----- Study material
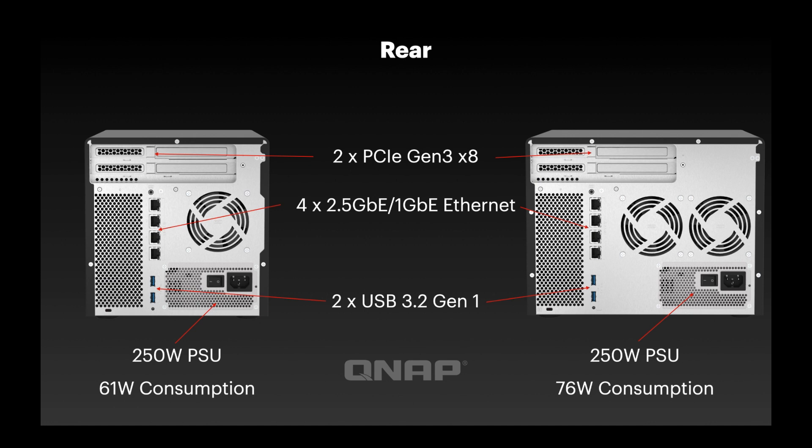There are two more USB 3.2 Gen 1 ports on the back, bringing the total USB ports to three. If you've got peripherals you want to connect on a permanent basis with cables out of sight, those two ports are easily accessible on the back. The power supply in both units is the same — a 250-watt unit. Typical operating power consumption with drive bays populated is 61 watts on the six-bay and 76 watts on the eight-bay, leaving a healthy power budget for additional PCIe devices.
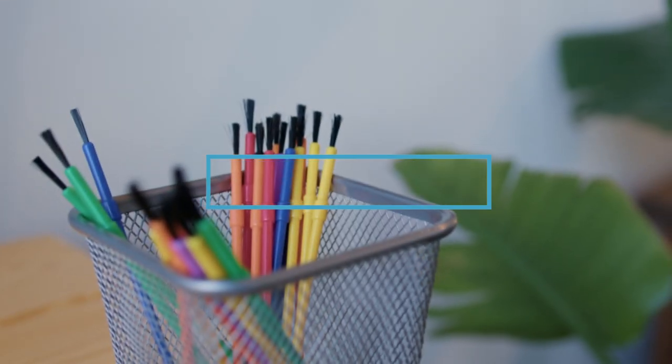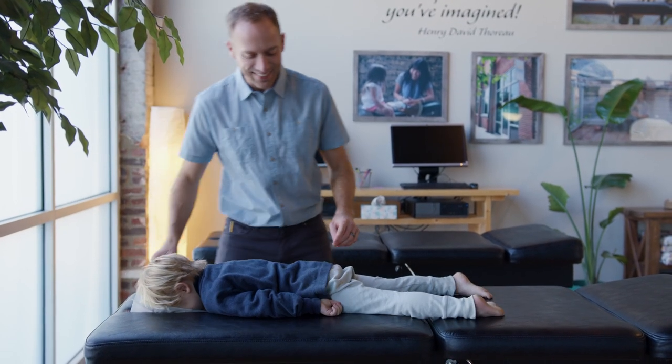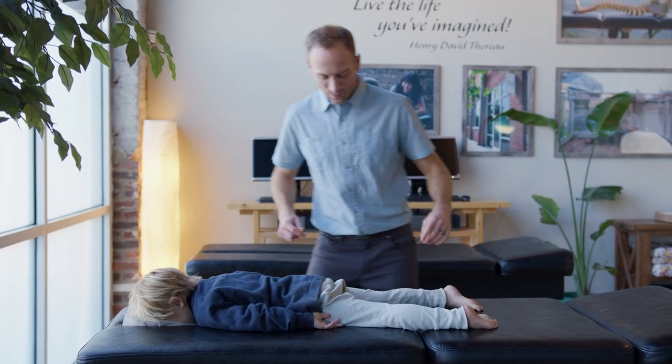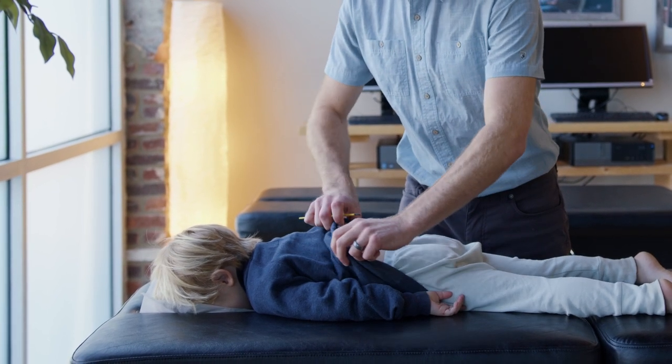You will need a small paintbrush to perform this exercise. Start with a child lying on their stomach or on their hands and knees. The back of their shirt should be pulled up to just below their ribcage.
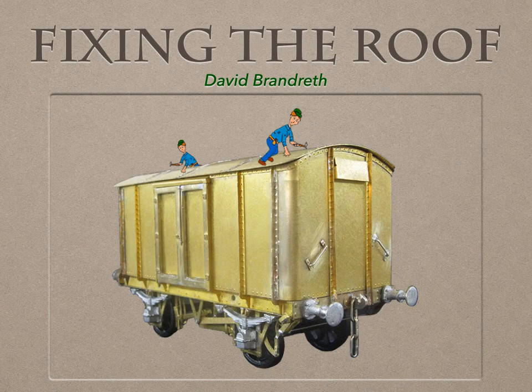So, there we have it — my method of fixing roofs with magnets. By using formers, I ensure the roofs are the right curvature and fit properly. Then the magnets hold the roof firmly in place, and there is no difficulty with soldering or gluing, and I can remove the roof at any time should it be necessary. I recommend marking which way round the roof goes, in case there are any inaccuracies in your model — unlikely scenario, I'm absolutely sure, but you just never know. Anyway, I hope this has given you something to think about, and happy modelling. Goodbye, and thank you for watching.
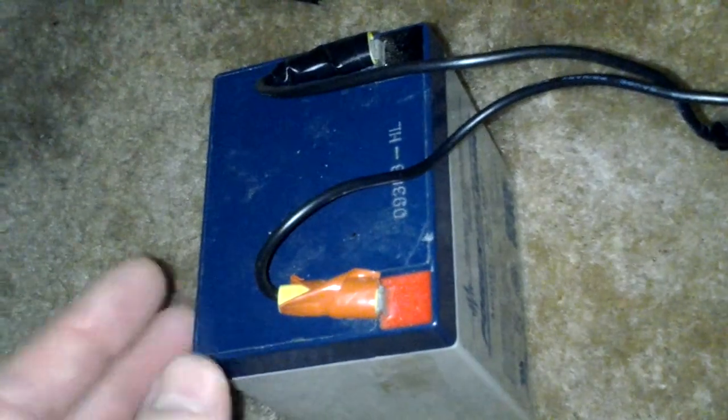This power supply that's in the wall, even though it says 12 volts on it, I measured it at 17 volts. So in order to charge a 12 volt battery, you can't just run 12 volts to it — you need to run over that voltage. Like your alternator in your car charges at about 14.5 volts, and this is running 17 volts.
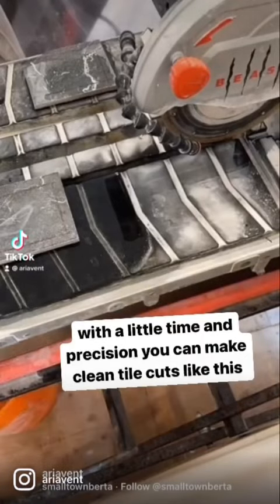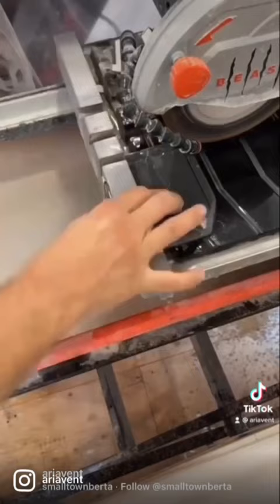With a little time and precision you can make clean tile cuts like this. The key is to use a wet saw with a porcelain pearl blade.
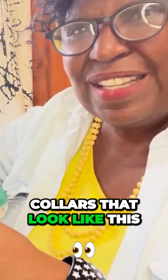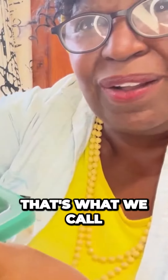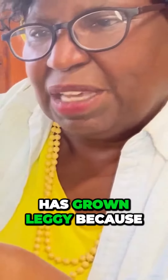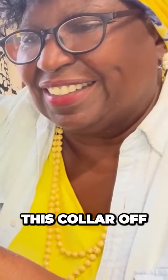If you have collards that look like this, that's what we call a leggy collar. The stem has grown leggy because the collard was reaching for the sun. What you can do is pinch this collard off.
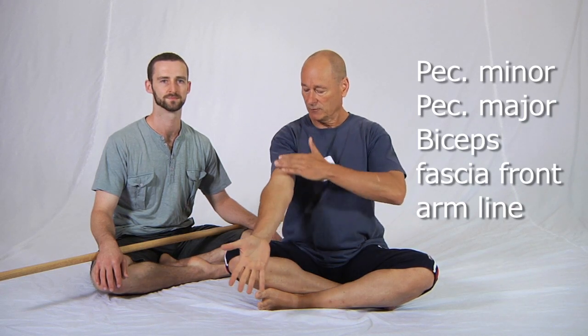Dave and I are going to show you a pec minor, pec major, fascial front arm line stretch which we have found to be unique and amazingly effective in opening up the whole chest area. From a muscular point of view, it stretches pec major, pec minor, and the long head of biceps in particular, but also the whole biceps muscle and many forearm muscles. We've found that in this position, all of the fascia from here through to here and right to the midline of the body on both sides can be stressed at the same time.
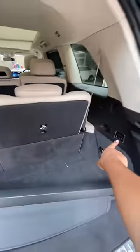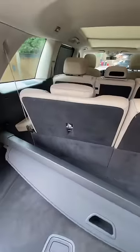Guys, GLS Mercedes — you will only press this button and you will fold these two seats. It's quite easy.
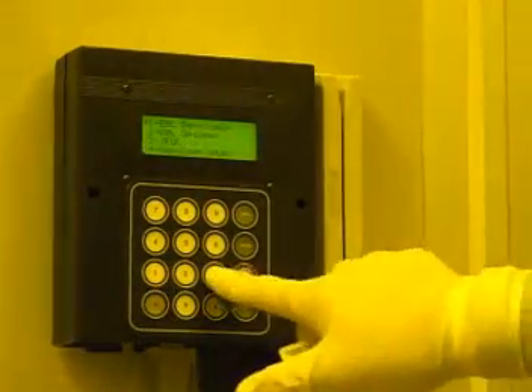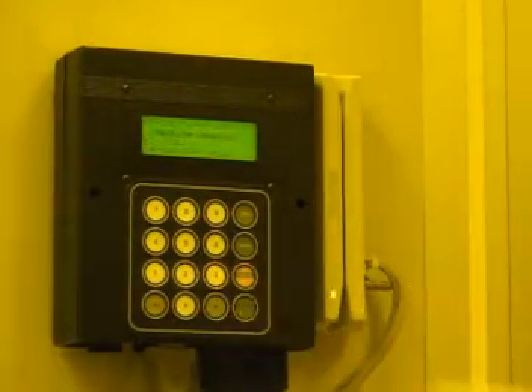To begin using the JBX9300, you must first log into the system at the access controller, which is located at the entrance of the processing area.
----------
----- Study material
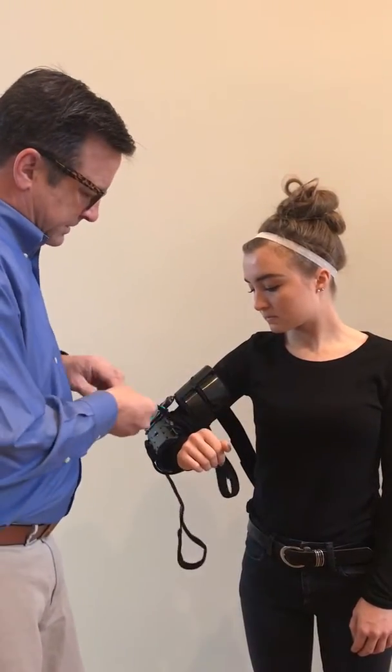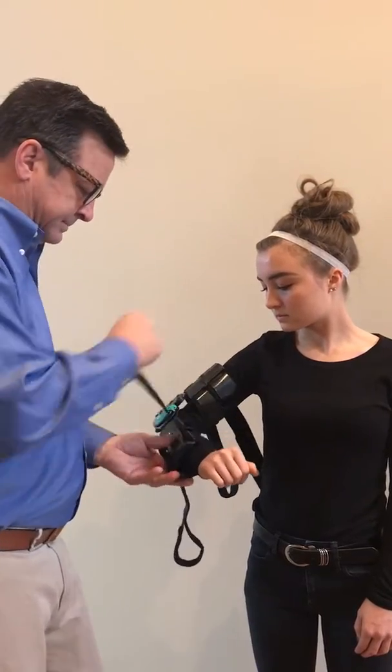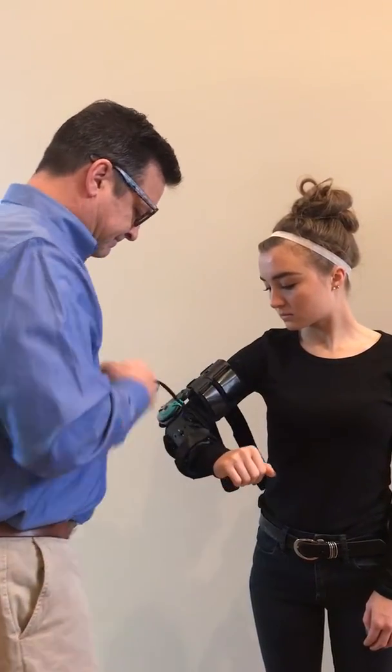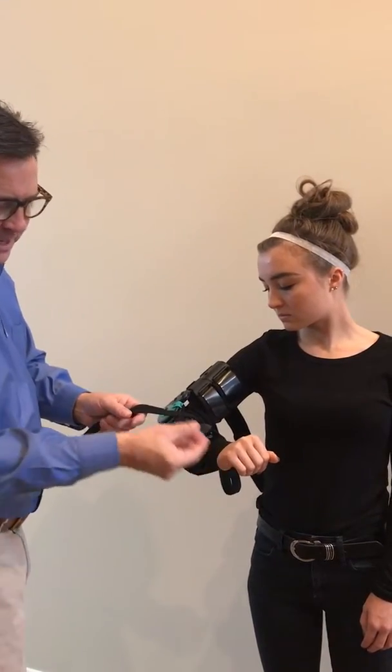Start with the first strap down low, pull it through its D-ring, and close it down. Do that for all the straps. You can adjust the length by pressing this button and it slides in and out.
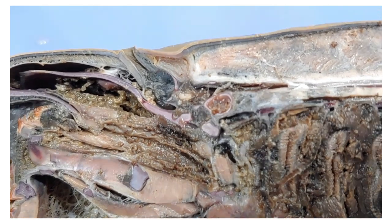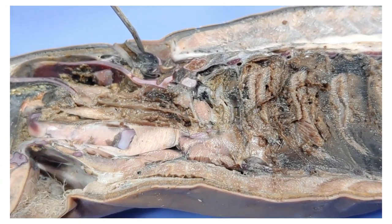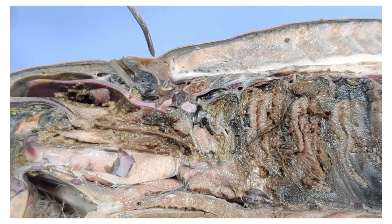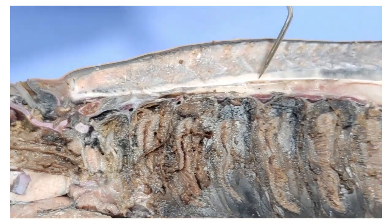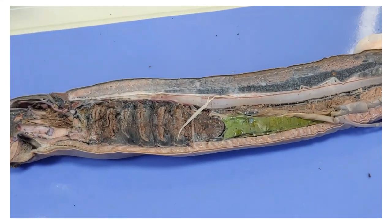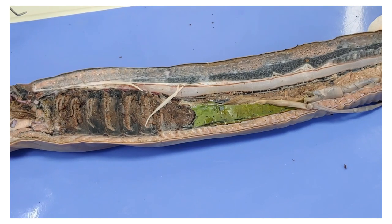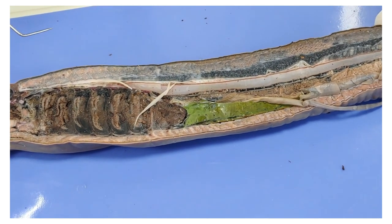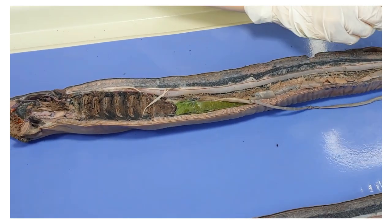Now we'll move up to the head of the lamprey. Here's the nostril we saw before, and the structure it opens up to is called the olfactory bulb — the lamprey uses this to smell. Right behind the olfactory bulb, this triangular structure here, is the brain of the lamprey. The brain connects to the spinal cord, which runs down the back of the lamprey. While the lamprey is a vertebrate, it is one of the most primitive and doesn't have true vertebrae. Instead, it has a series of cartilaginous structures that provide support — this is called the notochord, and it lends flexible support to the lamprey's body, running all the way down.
----------
----- Study material
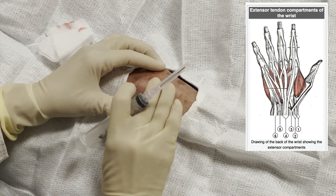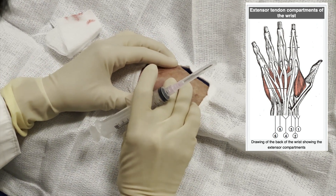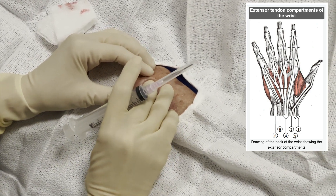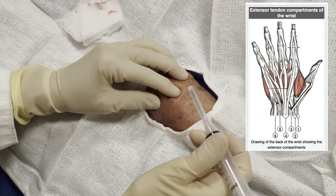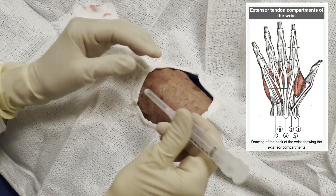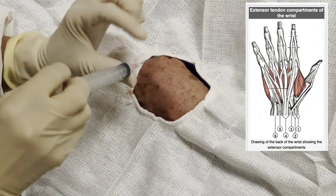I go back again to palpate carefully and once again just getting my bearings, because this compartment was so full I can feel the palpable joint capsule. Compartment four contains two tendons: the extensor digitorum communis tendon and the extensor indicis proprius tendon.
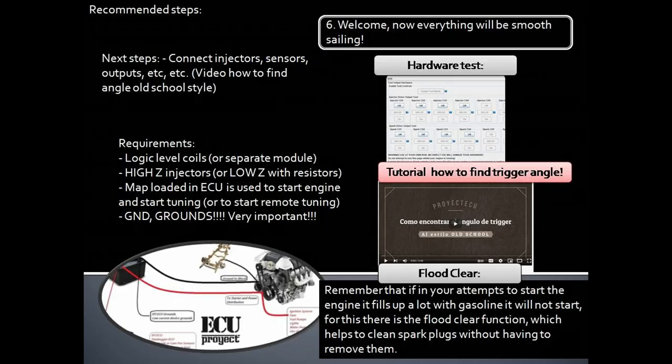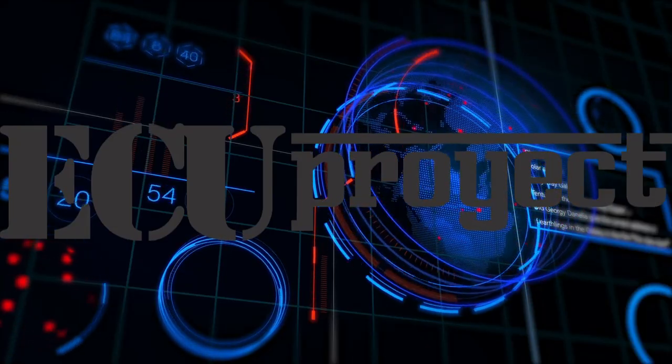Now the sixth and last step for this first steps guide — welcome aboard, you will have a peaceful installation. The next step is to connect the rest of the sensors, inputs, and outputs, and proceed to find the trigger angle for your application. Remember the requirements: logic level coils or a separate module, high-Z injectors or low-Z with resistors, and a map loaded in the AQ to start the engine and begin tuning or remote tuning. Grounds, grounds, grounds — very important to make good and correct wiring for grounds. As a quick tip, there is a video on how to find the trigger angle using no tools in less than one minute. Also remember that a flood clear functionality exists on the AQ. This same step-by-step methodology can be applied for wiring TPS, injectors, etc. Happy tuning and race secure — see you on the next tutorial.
----------
● **Exercise aim**
With the pictures removed from your copy, retype the lines above from the one that contains "This power supply" through the one that contains "To begin using", exactly.

● **Response area**
This power supply that's in the wall, even though it says 12 volts on it, I measured it at 17 volts. So in order to charge a 12 volt battery, you can't just run 12 volts to it — you need to run over that voltage. Like your alternator in your car charges at about 14.5 volts, and this is running 17 volts.
With a little time and precision you can make clean tile cuts like this. The key is to use a wet saw with a porcelain pearl blade.
If you have collards that look like this, that's what we call a leggy collar. The stem has grown leggy because the collard was reaching for the sun. What you can do is pinch this collard off.
Dave and I are going to show you a pec minor, pec major, fascial front arm line stretch which we have found to be unique and amazingly effective in opening up the whole chest area. From a muscular point of view, it stretches pec major, pec minor, and the long head of biceps in particular, but also the whole biceps muscle and many forearm muscles. We've found that in this position, all of the fascia from here through to here and right to the midline of the body on both sides can be stressed at the same time.
Guys, GLS Mercedes — you will only press this button and you will fold these two seats. It's quite easy.
To begin using the JBX9300, you must first log into the system at the access controller, which is located at the entrance of the processing area.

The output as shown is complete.